I won a 270 a few years ago and up until that point I was a die hard 30-06 guy, but that 270 is the smoothest shooting gun I have ever shot. I have been shooting 130gr. through it, but I would like to try some other loads. What do you guys recommend?


----------



## tapehoser (Sep 10, 2007)

I like shooting a 150-160 grainer from the .270, if you can find 'em. I like the Hornady ammo...they've got the bonded bullets in 150 grains. Typically, I like to shoot large-for-caliber bullets from my guns because they just seem to be so darn accurate.


----------



## campfire (Sep 9, 2007)

I agree with tapehoser about heavy for calliber bullets. The 270 is a great cartrage and suitable for any game in this area provided you use the right ammo. The great advantage (smoothness) of the 270 is in it's velocity but velocity is the enemy of bullet perfomance on heavier game like elk. Heavy bullets help but I would also recommend good bullet "construction". Bullets that do not come apart or overexpand with lighter ( compared to bigger calibers) bullets penetrate heavier game better. There are a lot of well constructed bullets on the market nowdays. Personally, I like the Nosler Partition (not the "ballistic tip") I think the ballistic tip expands too easily for heavier game with the 270. But even if the front of the "Partition" comes completely apart from quick expansion the fully jacketed back of the bullet just keeps on penetrating. My 2 cents.


----------



## Guest (Jan 31, 2008)

The 270 is a fine cartridge. I would try the 150 grain loads that should be suitable for deer and elk, pretty much anything in the western US. I think Federal makes a 150 grain Barnes X load for 270. I am a big fan of Barnes bullets and they are not susceptible to the fragmentation problems other bullets are at high velocity. They should perform well on elk or similar size game.


----------



## Loke (Sep 7, 2007)

In the past I shot the Hornady 140 BTSP. It was one of the most accurate loads in my rifle. After rebarreling, I've settled on the Barnes 130 TSX at 3100 fps. I use H4831sc. It is extremely accurate in both my rifle and my son's as well. Use a good bullet and you won't go wrong.


----------



## cfarnwide (Sep 10, 2007)

Try a 110 Gr. HP for an extremely fun varmint load.


----------



## Al Hansen (Sep 7, 2007)

My cousin used to load up some 90 Grn. HP's for some wicked Prairie Dog shooting. Watched him tip over a P-dog at 200 yds freehand. Best shot I ever saw. Yea that .270 can shoot small to big game. Excellant round.

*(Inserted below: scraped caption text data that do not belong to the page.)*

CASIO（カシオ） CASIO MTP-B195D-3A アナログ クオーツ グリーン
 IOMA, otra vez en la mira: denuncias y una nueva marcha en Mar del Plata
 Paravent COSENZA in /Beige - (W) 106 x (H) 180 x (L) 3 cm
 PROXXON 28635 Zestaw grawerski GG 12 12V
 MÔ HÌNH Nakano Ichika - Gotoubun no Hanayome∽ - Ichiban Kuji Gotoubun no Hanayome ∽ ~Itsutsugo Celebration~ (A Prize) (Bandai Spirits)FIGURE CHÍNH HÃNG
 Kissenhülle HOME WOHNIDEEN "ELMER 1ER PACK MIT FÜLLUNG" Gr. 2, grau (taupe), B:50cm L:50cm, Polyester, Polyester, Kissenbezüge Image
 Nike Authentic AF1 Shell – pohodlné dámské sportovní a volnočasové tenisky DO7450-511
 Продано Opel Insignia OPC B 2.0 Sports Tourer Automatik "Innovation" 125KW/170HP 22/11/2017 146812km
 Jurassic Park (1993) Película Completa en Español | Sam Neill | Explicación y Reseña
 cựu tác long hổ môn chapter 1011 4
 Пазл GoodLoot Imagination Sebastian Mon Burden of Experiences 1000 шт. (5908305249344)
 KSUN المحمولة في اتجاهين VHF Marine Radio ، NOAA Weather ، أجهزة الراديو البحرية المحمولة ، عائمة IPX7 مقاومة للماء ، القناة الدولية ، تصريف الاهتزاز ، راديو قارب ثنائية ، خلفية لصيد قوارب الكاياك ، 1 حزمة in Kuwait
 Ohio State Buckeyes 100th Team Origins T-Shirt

Cfarnwide: Nice to meet you today. Thank you for your donation to the site. Al.


----------



## cfarnwide (Sep 10, 2007)

Al Hansen said:


> My cousin used to load up some 90 Grn. HP's for some wicked Prairie Dog shooting. Watched him tip over a P-dog at 200 yds freehand. Best shot I ever saw. Yea that .270 can shoot small to big game. Excellant round.
> 
> Cfarnwide: Nice to meet you today. Thank you for your donation to the site. Al.


No problem Al. Sorry I didnt have time to chat a little longer.

Not a lot of people think of a .270 as a varmint gun. Man are they missing out! From P-dog to Moose, they are good for anything in North America.


----------



## Loke (Sep 7, 2007)

Oh, I forgot to mention that I also load a 110 gr. V-Max to 3500 fps. It also does wonders on those prairie rats. You don't have to wonder if you hit them. It's quite obvious.


----------



## 2-Fer (Oct 29, 2007)

Thanks guys. I was wondering about a 140gr. I think that I may try that this year.


----------



## Al Hansen (Sep 7, 2007)

I would think that to be an excellant choice for Muleys. Just select one that will not "splash".


----------



## Guest (Feb 2, 2008)

Loke said:


> Oh, I forgot to mention that I also load a 110 gr. V-Max to 3500 fps. It also does wonders on those prairie rats. You don't have to wonder if you hit them. It's quite obvious.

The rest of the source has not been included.